Download Paradoxes in Scientific Inference PDF Online Free

Author :
Publisher : CRC Press
ISBN 13 : 1466509872
Total Pages : 284 pages
Book Rating : 4.70/5 ( download)

DOWNLOAD NOW!


Book Synopsis Paradoxes in Scientific Inference by : Mark Chang

Download or read book Paradoxes in Scientific Inference written by Mark Chang and published by CRC Press. This book was released on 2012-10-15 with total page 284 pages. Available in PDF, EPUB and Kindle. Book excerpt: Paradoxes are poems of science and philosophy that collectively allow us to address broad multidisciplinary issues within a microcosm. A true paradox is a source of creativity and a concise expression that delivers a profound idea and provokes a wild and endless imagination. The study of paradoxes leads to ultimate clarity and, at the same time, in

The Structure of Scientific Inference

Download The Structure of Scientific Inference PDF Online Free

Author :
Publisher : Univ of California Press
ISBN 13 : 0520359879
Total Pages : 318 pages
Book Rating : 4.71/5 ( download)

DOWNLOAD NOW!


Book Synopsis The Structure of Scientific Inference by : Mary Hesse

Download or read book The Structure of Scientific Inference written by Mary Hesse and published by Univ of California Press. This book was released on 2022-05-13 with total page 318 pages. Available in PDF, EPUB and Kindle. Book excerpt: This title is part of UC Press's Voices Revived program, which commemorates University of California Press’s mission to seek out and cultivate the brightest minds and give them voice, reach, and impact. Drawing on a backlist dating to 1893, Voices Revived makes high-quality, peer-reviewed scholarship accessible once again using print-on-demand technology. This title was originally published in 1974.

The Great Paradox of Science

Download The Great Paradox of Science PDF Online Free

Author :
Publisher : Oxford University Press, USA
ISBN 13 : 0190055057
Total Pages : 321 pages
Book Rating : 4.59/5 ( download)

DOWNLOAD NOW!


Book Synopsis The Great Paradox of Science by : Mano Singham

Download or read book The Great Paradox of Science written by Mano Singham and published by Oxford University Press, USA. This book was released on 2019-12-18 with total page 321 pages.
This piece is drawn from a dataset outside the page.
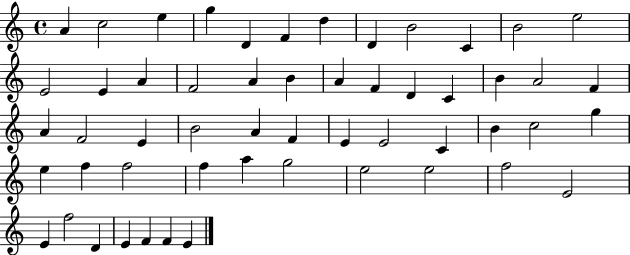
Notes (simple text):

Available in PDF, EPUB and Kindle. Book excerpt: Science has revolutionized our lives and continues to show inexorable progress today. It may seem obvious that this must be because its theories are steadily getting better and approaching the truth about the world. After all, what could science be progressing toward, if not the truth? But scholarship in the history, philosophy, and sociology of science offers little support for such a sanguine view. Those opposed to specific conclusions of the scientific community-nonbelievers in vaccinations, climate change, and evolution, for example-have been able to use a superficial understanding of the nature of science to sow doubt about the scientific consensus in those areas, leaving the general public confused as to whom to trust, with damaging effects for the health of individuals and the planet. The Great Paradox of Science argues that to better counter such anti-science efforts requires us to understand the nature of scientific knowledge at a much deeper level and dispel many myths and misconceptions. It is the use of scientific logic, the characteristics of which are elaborated on in the book, that enables the scientific community to arrive at reliable consensus judgments in which the public can retain a high degree of confidence. This scientific logic is applicable not just in science but can be used in all areas of life. Scientists, policymakers, and members of the general public will not only better understand why science works: They will also acquire the tools they need to make sound, rational decisions in all areas of their lives.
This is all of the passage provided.